For the records below, please print exactly and only the lines from the one with "The main drugs" down to the one with "Reason number two: not", both ends included, omitting the pictures.

→ **DATA PROVIDED**:

● ● ● ● ●

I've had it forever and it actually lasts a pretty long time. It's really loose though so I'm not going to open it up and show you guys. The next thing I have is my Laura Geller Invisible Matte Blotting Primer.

● ● ● ● ●

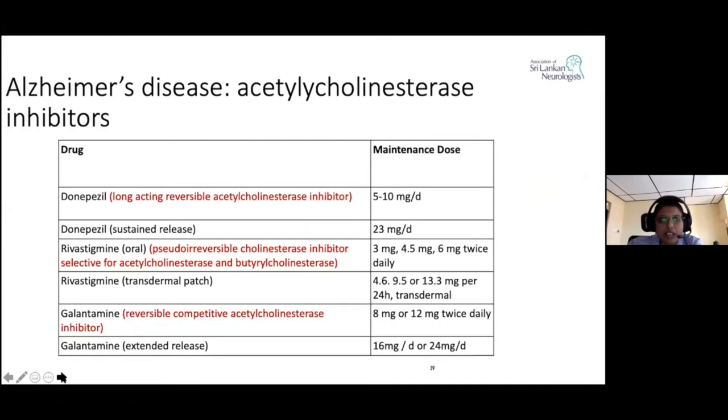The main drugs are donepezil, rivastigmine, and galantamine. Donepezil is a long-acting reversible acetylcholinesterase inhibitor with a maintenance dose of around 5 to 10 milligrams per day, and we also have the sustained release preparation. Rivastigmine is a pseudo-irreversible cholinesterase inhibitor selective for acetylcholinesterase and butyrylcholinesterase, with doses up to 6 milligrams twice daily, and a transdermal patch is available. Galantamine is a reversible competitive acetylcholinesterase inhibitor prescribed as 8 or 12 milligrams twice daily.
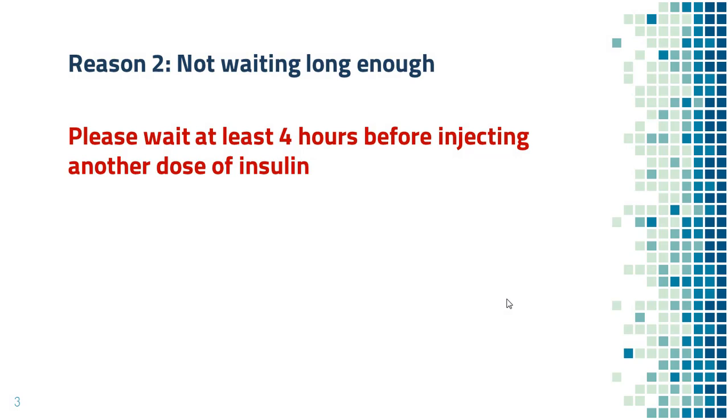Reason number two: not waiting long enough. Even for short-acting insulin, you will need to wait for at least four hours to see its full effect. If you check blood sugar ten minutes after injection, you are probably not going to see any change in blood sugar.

● ● ● ● ●

→ **EXERCISE RESPONSE**:
The main drugs are donepezil, rivastigmine, and galantamine. Donepezil is a long-acting reversible acetylcholinesterase inhibitor with a maintenance dose of around 5 to 10 milligrams per day, and we also have the sustained release preparation. Rivastigmine is a pseudo-irreversible cholinesterase inhibitor selective for acetylcholinesterase and butyrylcholinesterase, with doses up to 6 milligrams twice daily, and a transdermal patch is available. Galantamine is a reversible competitive acetylcholinesterase inhibitor prescribed as 8 or 12 milligrams twice daily.
Reason number two: not waiting long enough. Even for short-acting insulin, you will need to wait for at least four hours to see its full effect. If you check blood sugar ten minutes after injection, you are probably not going to see any change in blood sugar.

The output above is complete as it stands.